FANCIED OUT OF LEFT FIELD

- By David Richardson

AFTER 40 years of competing in the Combined Counties League, Westfield will line-up in the Bostik South Central Division this season aiming to sneak into the top six.

The Field stormed to the title last term, winning the league with 106 points and a staggering 145 goals scored to put them into Step 4 for the first time in the club’s 65-year history.

Manager Tony Reid has taken Westfield to new heights since his appointmen­t in 2016 and he’s still striving for more.

“How do I look back on last season?” he says. “Disappoint­ed because I wanted to break all sorts of records, really. We won it with six games to go, mentally players switched off and I can totally understand that.

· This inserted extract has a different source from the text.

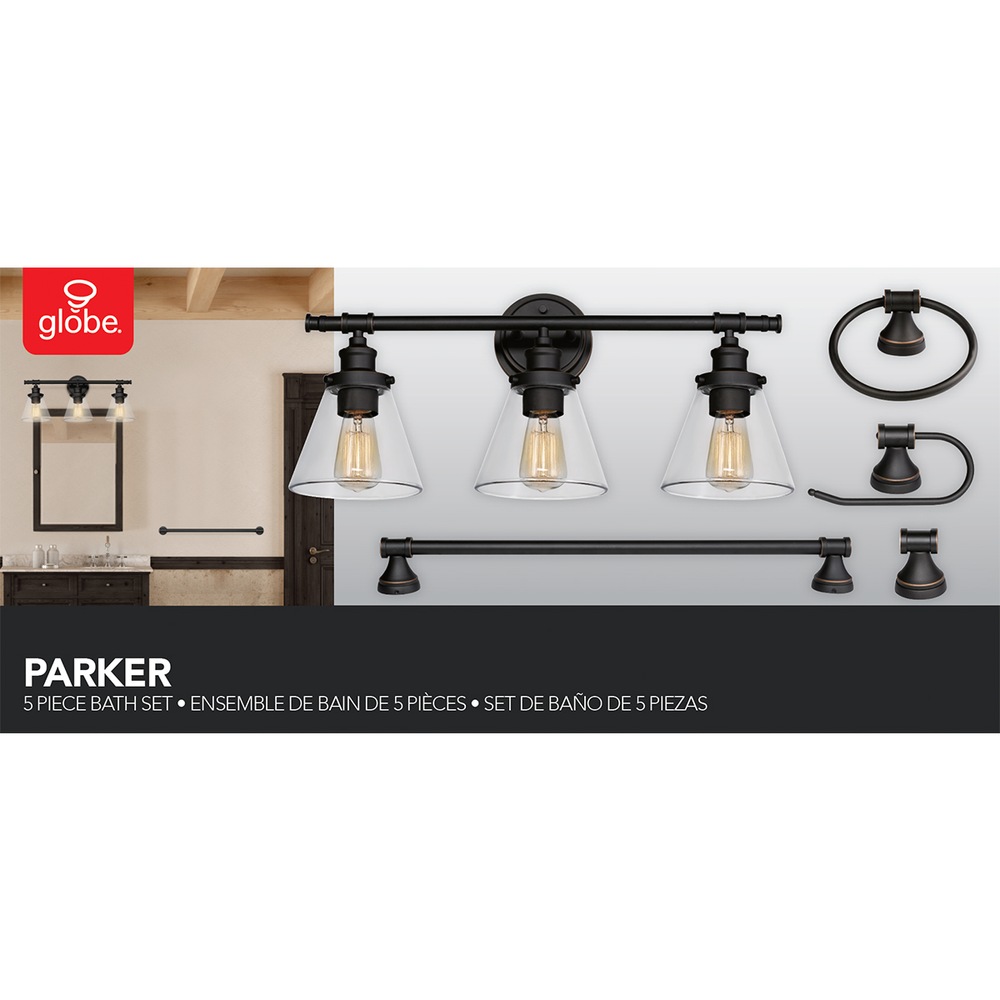 Globe Electric Parker 3Light Vanity Set, Assorted Finishes, 5pc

“When you’re trying to achieve a lot of things you’re still driven by that success, but I think once I had that break and you hear compliment­s from other managers and teams, you then become very grateful.”

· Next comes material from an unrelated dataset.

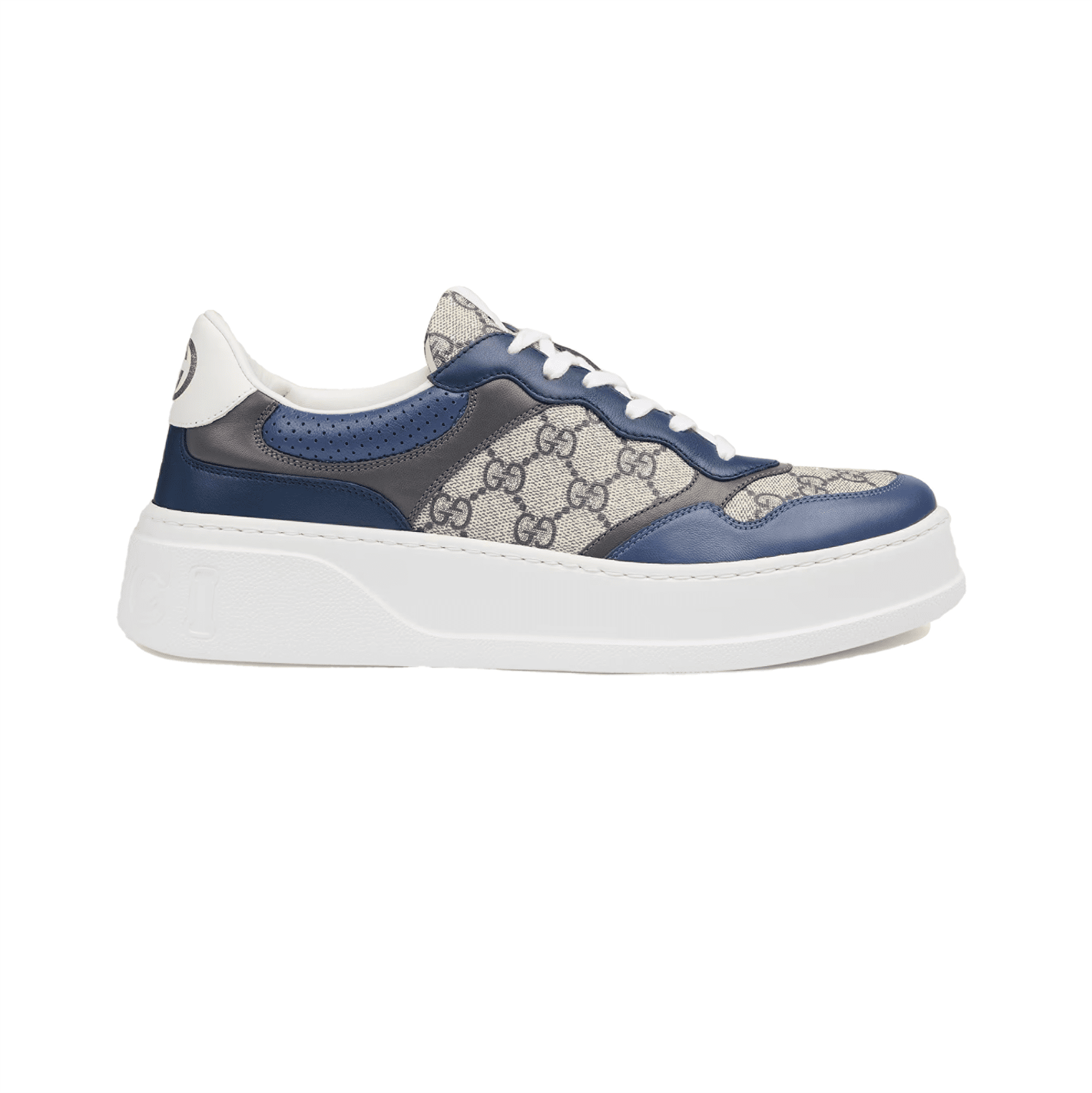 GUCCI MEN’S GG SNEAKERS BEIGE AND BLUE SUPREME – GCC003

When the former Eastbourne Town and Walton & Hersham manager took over, Westfield were sleep walking towards relegation but he steered them into the top half.

The following season they finished second and won the Premier Challenge Cup before going one better this time.

Success rate

“You wouldn’t believe that was the same bunch of lads third from bottom when I came in that came second in the league and won a cup final,” adds Reid. “We got them to gel instantly and got them playing. It has been enjoyable. There were some ups and downs that you experience as a manager.

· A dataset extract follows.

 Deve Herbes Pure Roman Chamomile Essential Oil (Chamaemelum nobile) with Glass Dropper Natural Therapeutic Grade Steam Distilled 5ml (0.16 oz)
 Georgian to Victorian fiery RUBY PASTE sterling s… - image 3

“This summer is the busiest I’ve ever had. I didn’t realise that winning a league would bring so much attention. I don’t think I’ve experience­d it ever. Football has become a full-time job basically. You’re always speaking to people: players, reporters, radio, agents, your friends in football are calling you, the committee, the board.

“The last two weeks the dust has really settled so I’ve had a bit of time out to relax and look at things from a different light.”

Reid will have to replace Max Blackmore’s 48 goals after the striker moved on to Southern League South side Met Police but he hasn’t changed much about his side.

He added: “I guarantee strikers or the forward line goals. Max was brilliant, fantastic. We have to move on from that now and the next striker that comes in or fills that role will have the same sort of success rate. If he takes his chances they can end up with 30 or 40 goals.

“I’ve kept a lot of last season; I’ve lost about three or four. I’ve had about 30 or 40 players turn up for each pre-season session, so I can’t complain.

“I know what I’m looking for. The hardest thing is turning down people from coming to training because you never know there could be a gem in there.

“Top six I think is very realistic. I think the players are very capable of stepping up. There are quite a few teams that are favourites. I’d like to keep it that way and stay under the radar. You hear clubs signing x, y, z of good calibre but I always say it’s the unknown you’ve got to be worried about.

“Because of all this hard work we’ve put in I want to see a reward from it. It’s now going to get harder and tougher.”